OFFJT(オフ・ザ・ジョブ・トレーニング)とは、職場から離れて社員研修、講座、eラーニングにより業務に必要な知識や能力を身に付ける教育方法です。

退職勧奨をする

改善の機会を付与したものの、改善の兆しがなければ、本採用拒否を選択することになります。

ただ、いきなり本採用拒否をすると、労働者からの強い反発を招くおそれがあります。そこで、試用期間満了の30日以上前に、本採用できない具体的な理由を説明し、本採用を拒否する使用者側の方針を伝えます。その上で、従業員の自主退職を促します。

解雇予告をする

試本採用拒否においても、試用期間満了時の30日以上前に解雇予告をしなければなりません。

試用期間が14日を経過していない場合には,解雇予告の必要はありません。他方で,14日以上の場合には30日分の平均賃金を支払わなければ即時解雇することはできません。

解雇予告手当の有無

使用者が労働者を解雇する場合には、30日以上前に予告しなければなりません。あるいは、即時解雇するような場合には、30日分以上の平均賃金を解雇予告手当として支払う必要があります。試用期間中でも、14日以上勤務している場合には、解雇予告手当を支払う必要があります

解雇予告手当の有無

試用期間の満了を待たずに即時に本採用拒否をする場合には、30日分以上の平均賃金を解雇予告手当として支払わなければなりません。

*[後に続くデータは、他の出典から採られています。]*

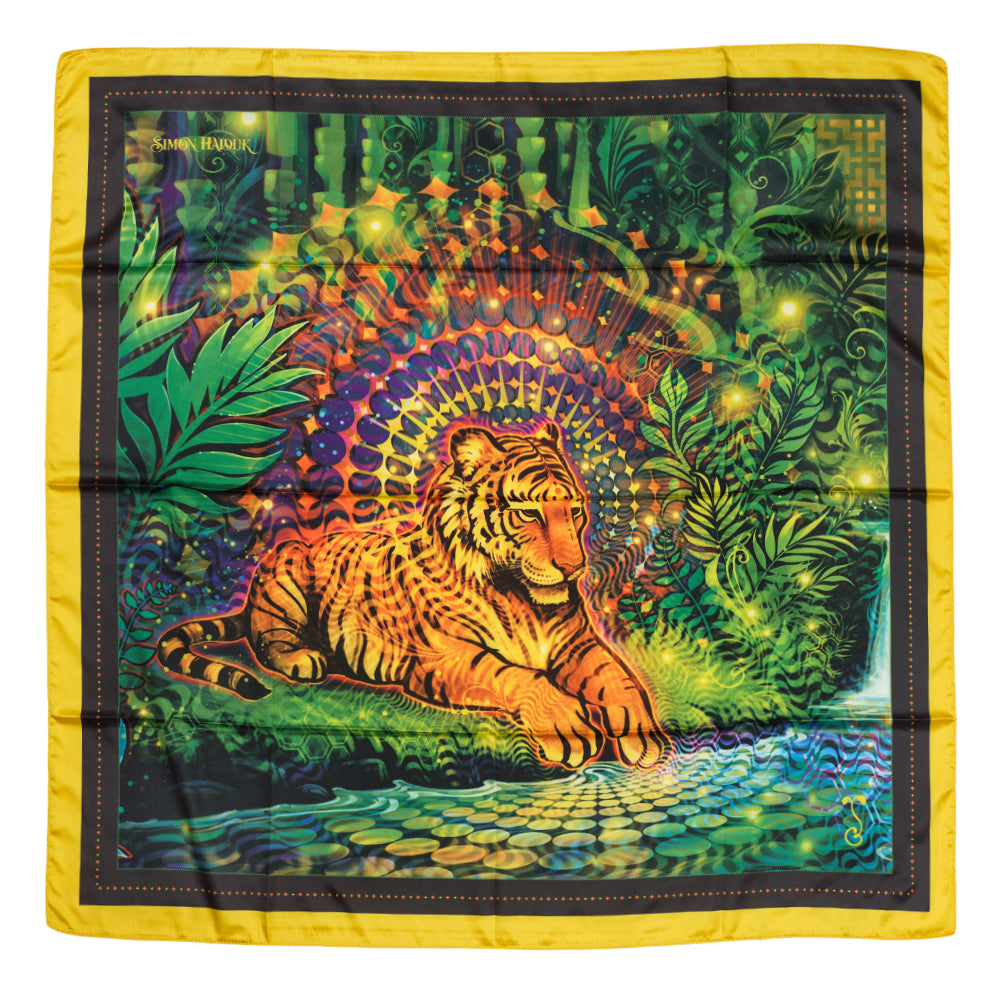 Simon Haiduk Tiger Glowm Headscarf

ただ、試用期間途中の解雇については、厳格に判断されます。そのため、試用期間途中の本採用拒否は、試用期間の満了を待つ必要がない程に重大な懲戒事由がある場合に限るべきでしょう。

本採用拒否の通知をする

試用期間が満了すれば、使用者は社員に対して、本採用拒否を通知します。

本採用拒否には、本採用を拒否することに加えて、試用期間の満了した日付、本採用を拒否する理由を記載します。

本採用拒否が無効となる場合のリスク

本採用拒否に、合理的な理由がない場合には、本採用拒否による雇用契約の解雇は無効となります。

本採用拒否が無効となれば、雇用契約が存続していることになります。

この場合、たとえ労働者が出勤をしていなかったとしても、使用者は労働者に対して、本採用拒否の時から解決するまでの給与を支払う義務を負います。

また、雇用契約を合意解約して、労働者の復職を避けるため、使用者が労働者に対して解決金を支払う必要が生じる場合もあります。

本採用拒否できるだけの十分な理由がないのに、軽率に本採用を拒否することは避けるべきでしょう。

試用期間の問題は弁護士に相談を

試用期間だから、簡単に解雇できると勘違いをして、十分な理由もなく本採用を拒否してしまいがちです。

本採用後の解雇ほどに厳格ではないと一般的には言われていますが、制約なく一方的に本採用を拒否できるわけではありません。 

また、試用期間や本採用拒否の事情等もあらかじめ就業規則や契約書に適切に定めておくことも必要です。